DATA =

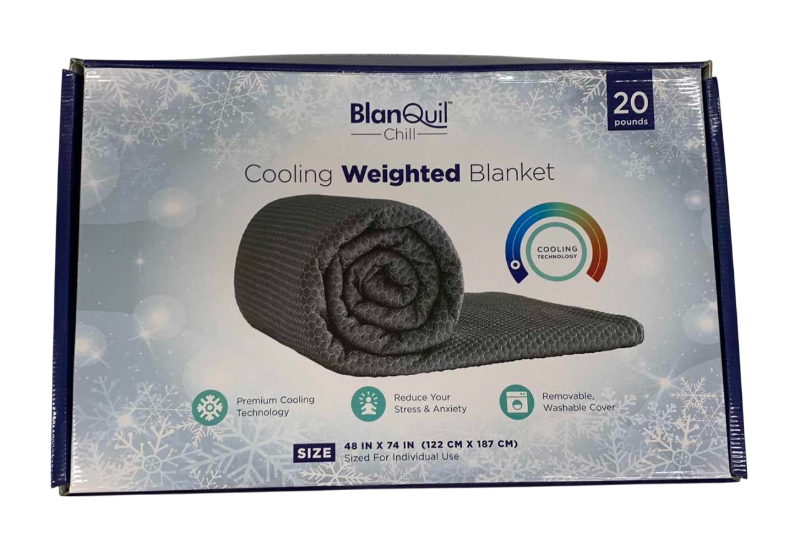 Photo 1 of BLANQUIL COOLING WEIGHTED 20 POUND BLANKET IN GRAY 48” X 74”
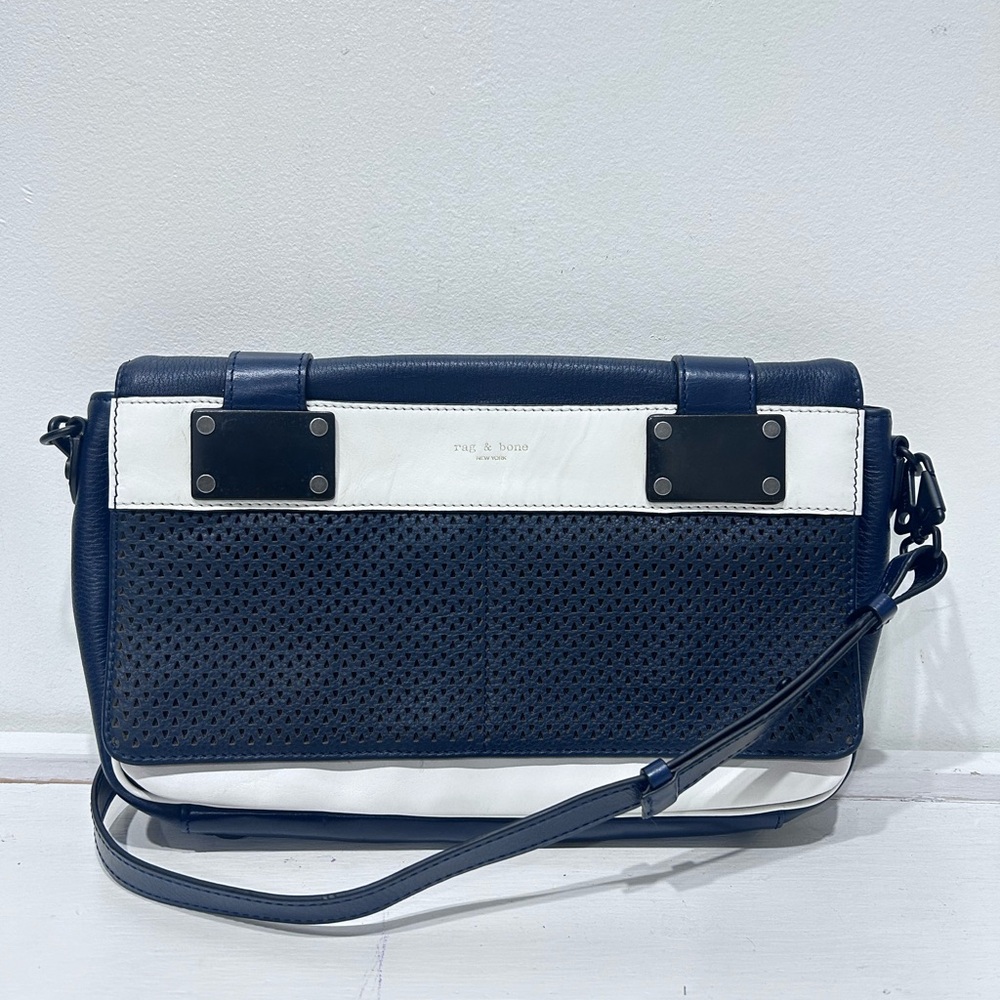 Rag & Bone Navy White x Goop Pilot Clutch‎ Perforated Leather Crossbody Bag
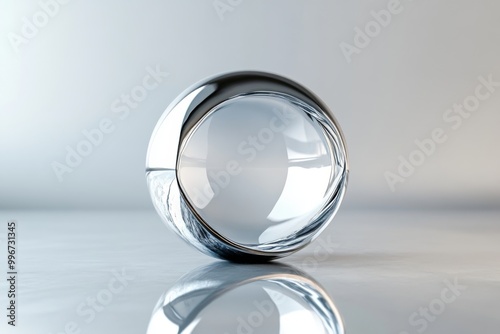 a stunning, close-up view of a single, shiny, and new metal paperweight on a light gray background, with a subtle reflection on its surface.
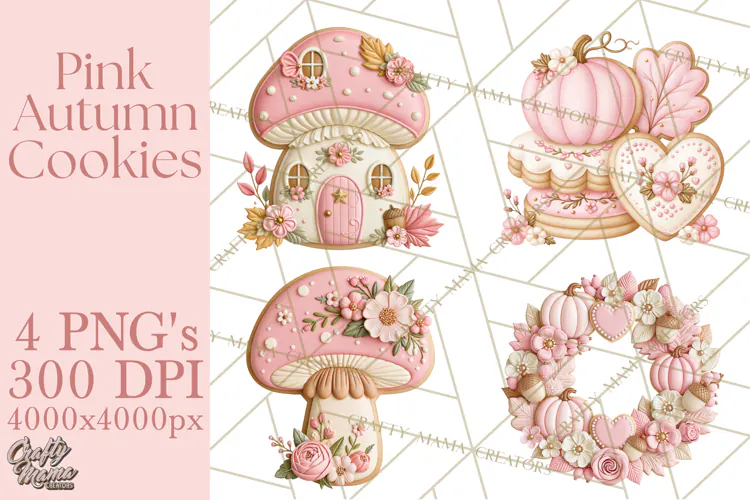 Pink Autumn Cookies Clipart PNG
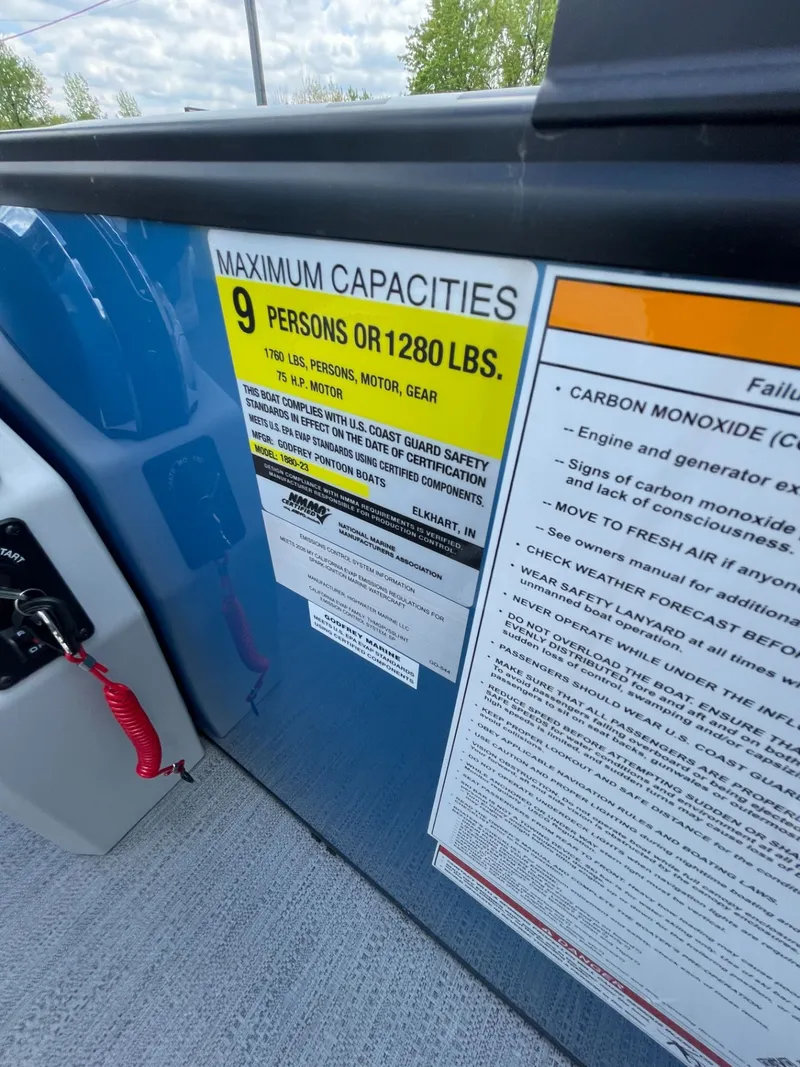 Slide: The Image of Safety label on Godfrey EX 1880CX CRUISE 2026 boat. - 15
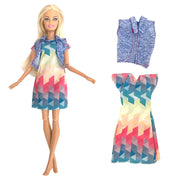 NK  1 Set Fashion Multicolor Outfit  Dress Shirt Denim Grid Skirt Daily Casual Wear for Barbie Clothes Doll Accessories  JJ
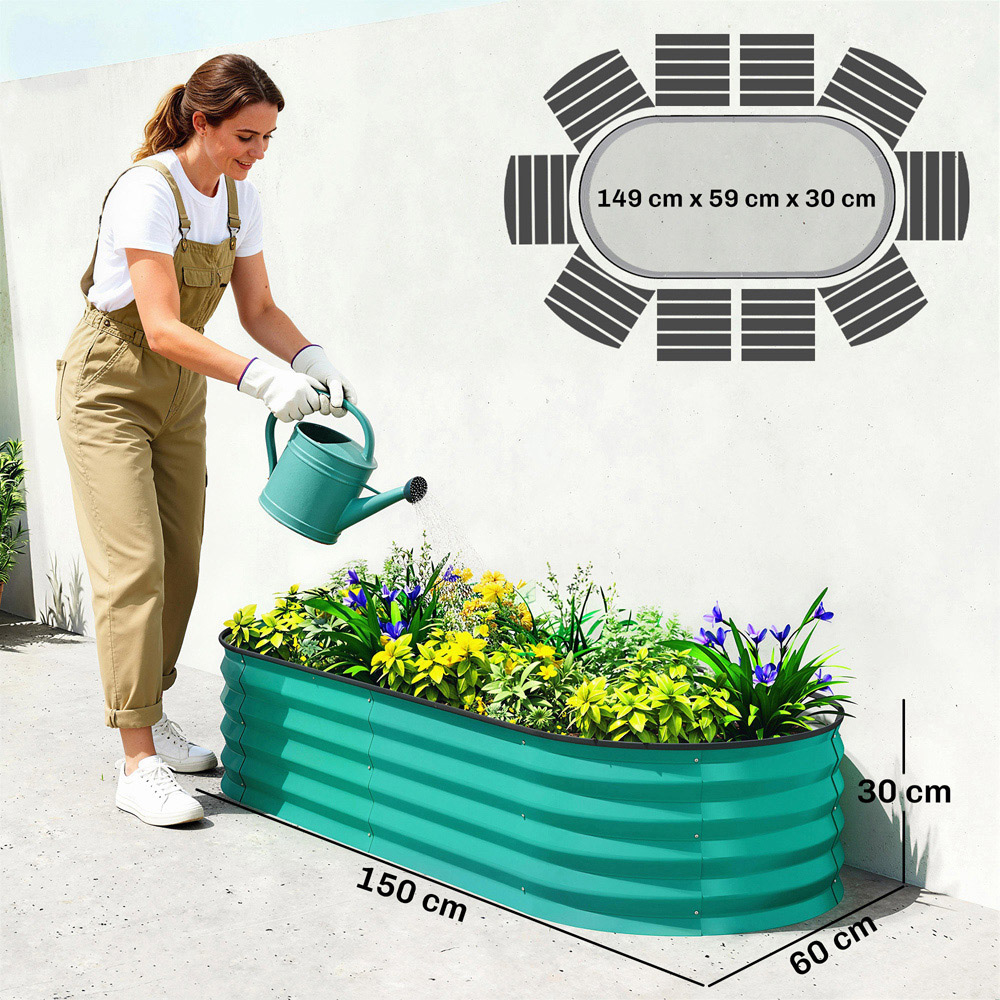 Outsunny Green Raised Garden Bed with Metal Stakes Set of 2 Image 9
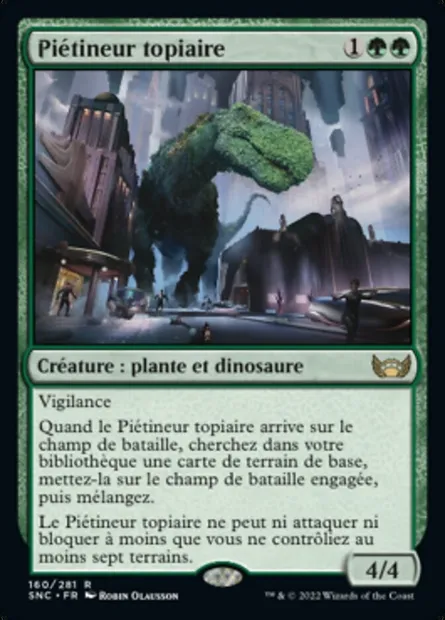 Piétineur topiaire, carte Magic SNC 160 — extension Les rues de la Nouvelle-Capenna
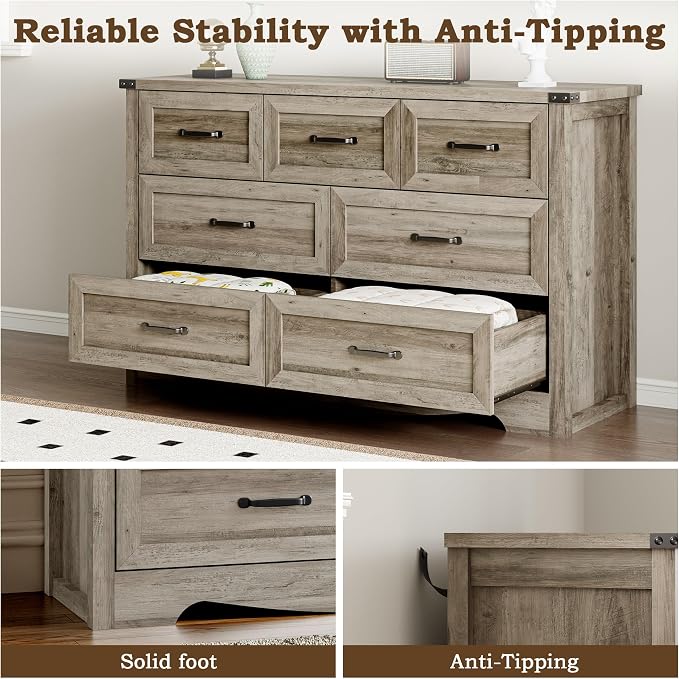 BORNOON 7-Drawer Dresser for Bedroom, Modern Wooden Chest of Drawers with Metal Handles, Anti-Tipping Design, Sturdy and Stable Storage Organizer for Living Room, Entryway, Home Office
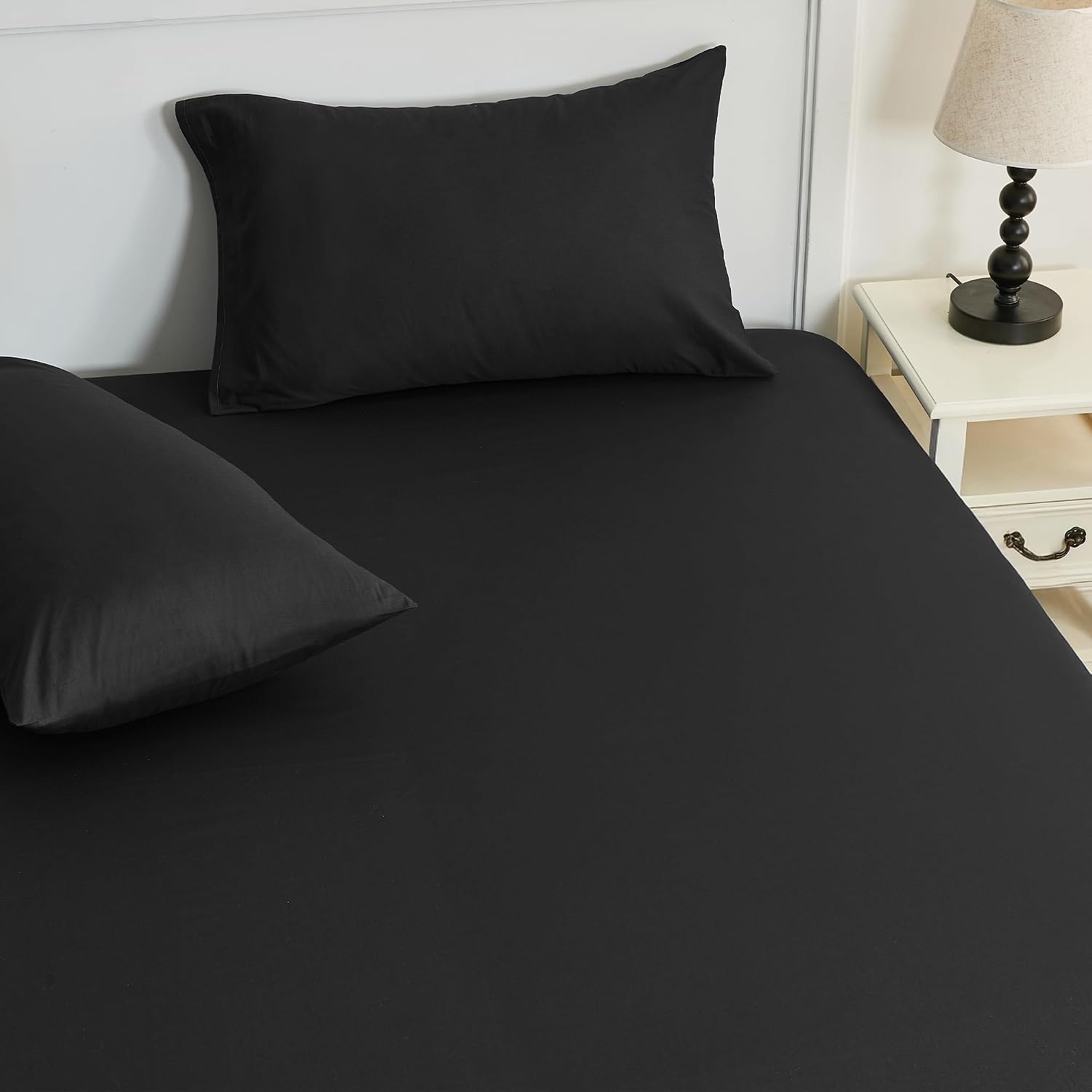 LINENOVA Premium 100% Cotton Fitted Sheet Set - 3 Piece for King Single Bed Set, 1 Fitted Sheet & 2 Pillowcases, Luxury Softness, Elasticized 40cm Deep Pocket - Black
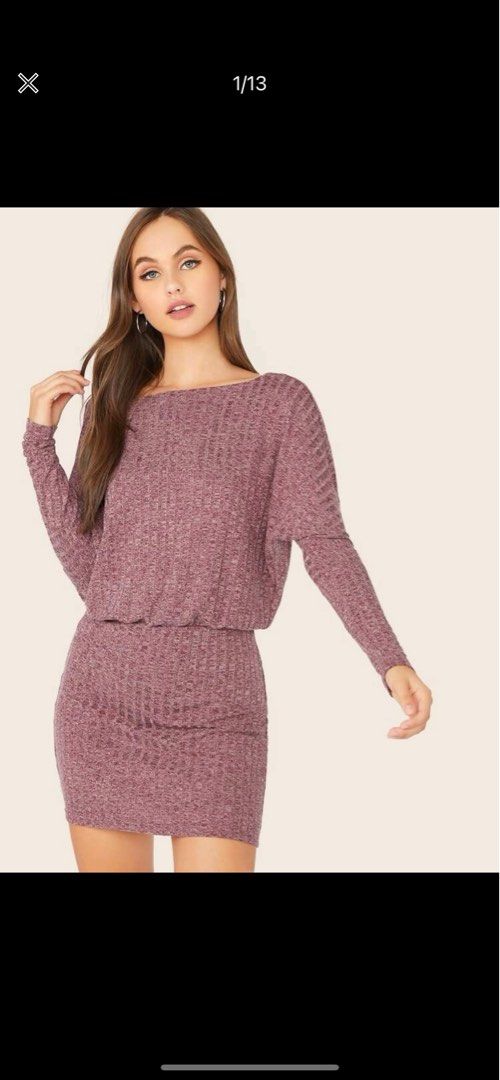 Rib Knit sleeve dress SHEIN, Women's Fashion, Dresses & Sets, Dresses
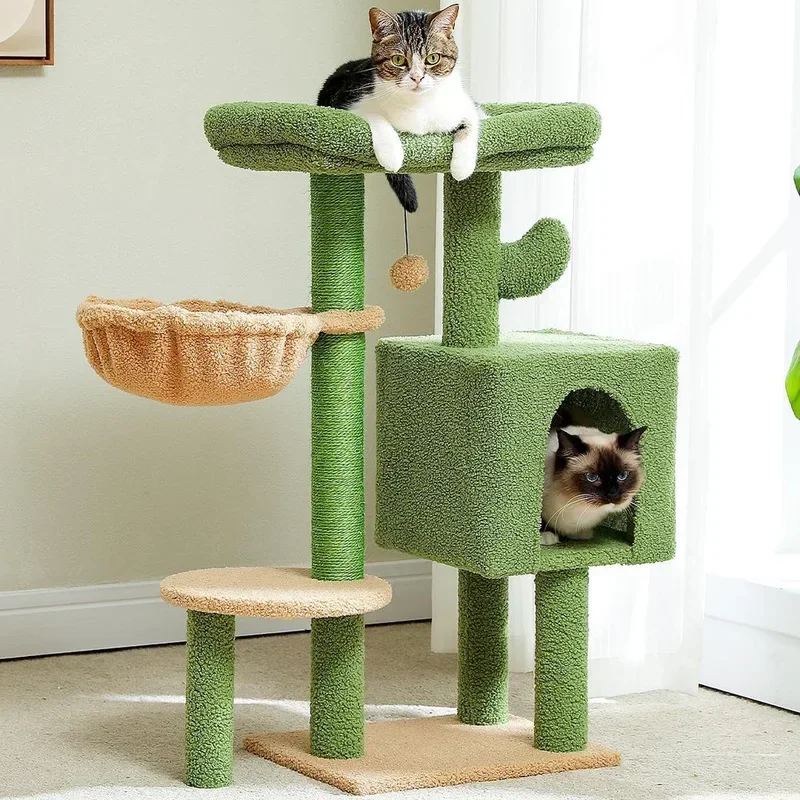 Large Cat Tree for Indoor Cats Featuring Spacious Hammock Scratching Post Cozy Cat Condo and Activity Center Playful Cats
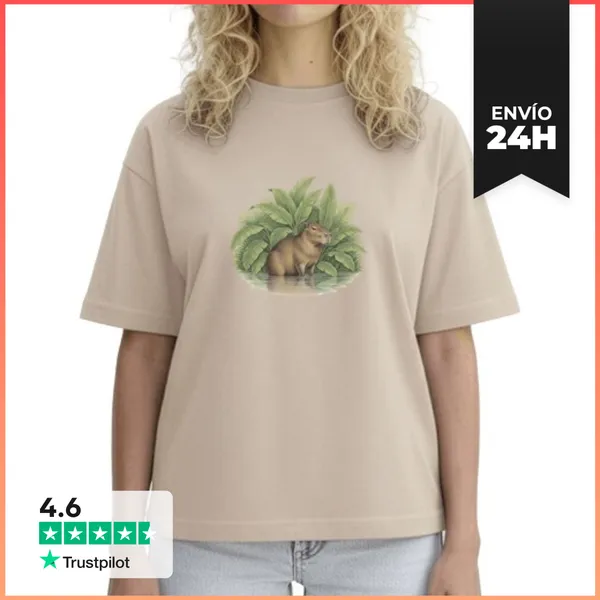 Camiseta Mujer Boxy Capibara En La Jungla Tropical LaTostadora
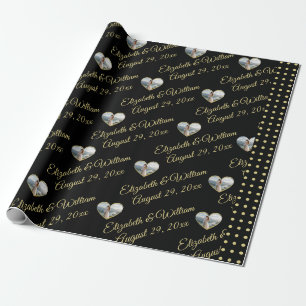 Goud & Zwarte Stippen Persoonlijke Trouwdag Cadeaupapier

PROBLEM DESCRIPTION =
Excluding the pictures, transcribe each entry above word for word.

OUTPUT FOR THIS TASK =
 Photo 1 of BLANQUIL COOLING WEIGHTED 20 POUND BLANKET IN GRAY 48” X 74”
 Rag & Bone Navy White x Goop Pilot Clutch‎ Perforated Leather Crossbody Bag
 a stunning, close-up view of a single, shiny, and new metal paperweight on a light gray background, with a subtle reflection on its surface.
 Pink Autumn Cookies Clipart PNG
 Slide: The Image of Safety label on Godfrey EX 1880CX CRUISE 2026 boat. - 15
 NK  1 Set Fashion Multicolor Outfit  Dress Shirt Denim Grid Skirt Daily Casual Wear for Barbie Clothes Doll Accessories  JJ
 Outsunny Green Raised Garden Bed with Metal Stakes Set of 2 Image 9
 Piétineur topiaire, carte Magic SNC 160 — extension Les rues de la Nouvelle-Capenna
 BORNOON 7-Drawer Dresser for Bedroom, Modern Wooden Chest of Drawers with Metal Handles, Anti-Tipping Design, Sturdy and Stable Storage Organizer for Living Room, Entryway, Home Office
 LINENOVA Premium 100% Cotton Fitted Sheet Set - 3 Piece for King Single Bed Set, 1 Fitted Sheet & 2 Pillowcases, Luxury Softness, Elasticized 40cm Deep Pocket - Black
 Rib Knit sleeve dress SHEIN, Women's Fashion, Dresses & Sets, Dresses
 Large Cat Tree for Indoor Cats Featuring Spacious Hammock Scratching Post Cozy Cat Condo and Activity Center Playful Cats
 Camiseta Mujer Boxy Capibara En La Jungla Tropical LaTostadora
 Goud & Zwarte Stippen Persoonlijke Trouwdag Cadeaupapier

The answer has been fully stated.